People flocked to Tang Hua Seng department store in Bangkok’s Bang Phlat district on Monday to take images as mementos before Tuesday’s closure.
Some of them visited the 12-storey shopping mall in the Thonburi neighbourhood for shopping items, which are being sold at discounts of 30-70%.
Locals Mon and Orasa told Nation Group media arm Kom Chad Luek that they have visited Tang Hua Seng since their children were young.
They confirmed that locals in the neighbourhood have had strong bonds with the department store for a long time.
Although Tang Hua Seng Bang Lamphu branch is still open to visitors, Mon and Orasa admitted that they felt regret for the closure of the Thonburi branch as they still have to purchase sewing supplies there.
Beverage vendor Thanwa Pengchui told the press that the closure affected her business because of a decline in customers, who mostly were department-store employees.
Thanwa said she had been an employee of Tang Hua Seng Thonburi branch before quitting the job to sell beverages.
She confirmed that she felt regret for the closure, saying that she would continue selling beverages in front of the department store to observe the situation for a while.
Tang Hua Seng announced on Friday last week that the department store in the Thonburi neighbourhood would cease operations from Tuesday onwards.
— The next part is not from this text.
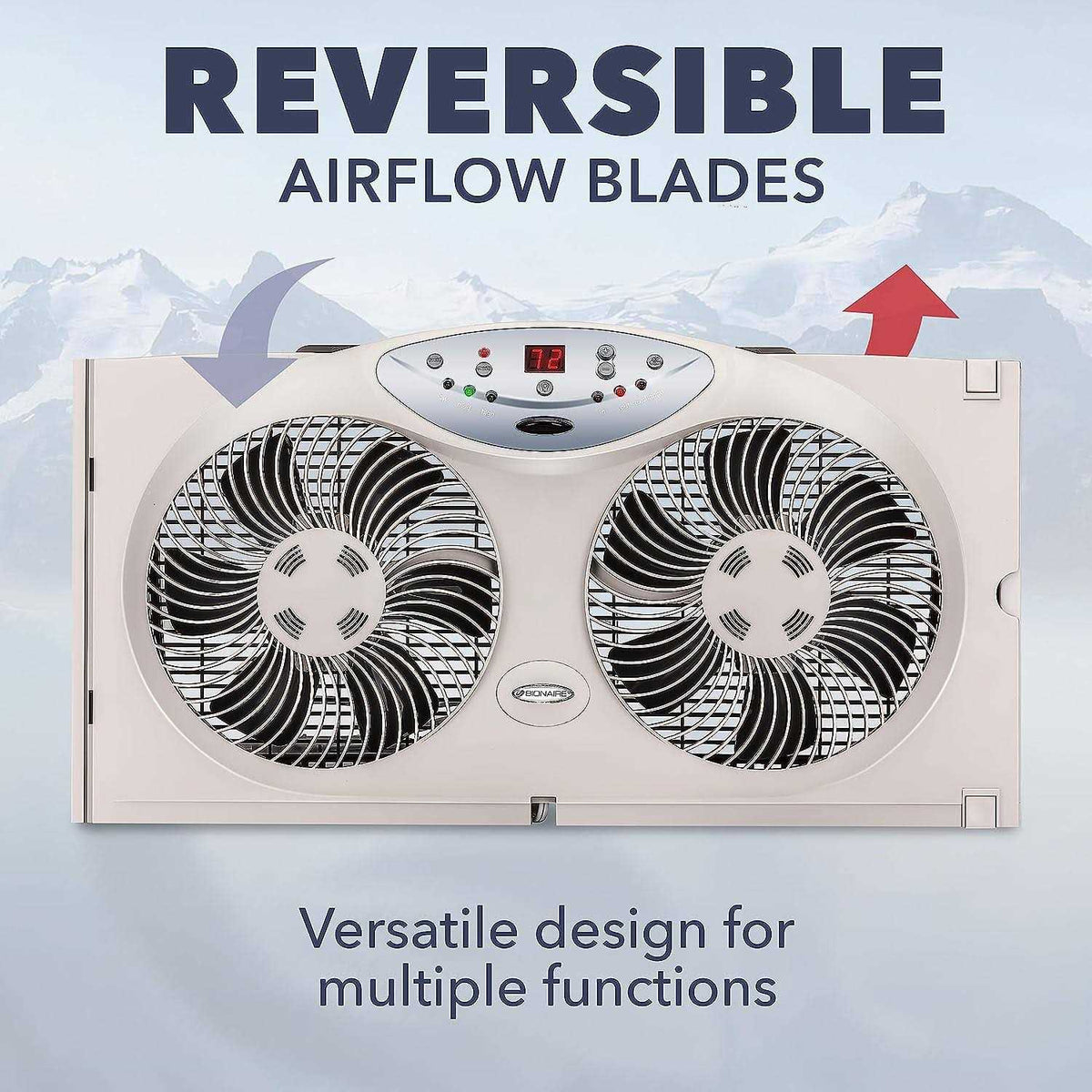 BIONAIRE Twin Reversible Airflow Window Fan With Remote Control - 8.5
However, the company expects the shopping mall to be reopened soon, saying that it was currently in negotiations with new investors.
The first branch of Tang Hua Seng was set up in the Bang Lamphu neighbourhood of Bangkok’s Phra Nakhon district in 1962. The Thonburi branch was opened in 1991.
The company has been weighed down by losses in successive years – 122.47 million baht loss in 2017; 28.88 million baht in 2018; 93.52 million baht in 2019; 49.30 million baht in 2020; and 43.78 million baht in 2021.
The losses were a result of a decline in customers amid intense competition among retail businesses in the Thonburi neighbourhood, such as Central, Makro, Lotus’s, and Major Cineplex.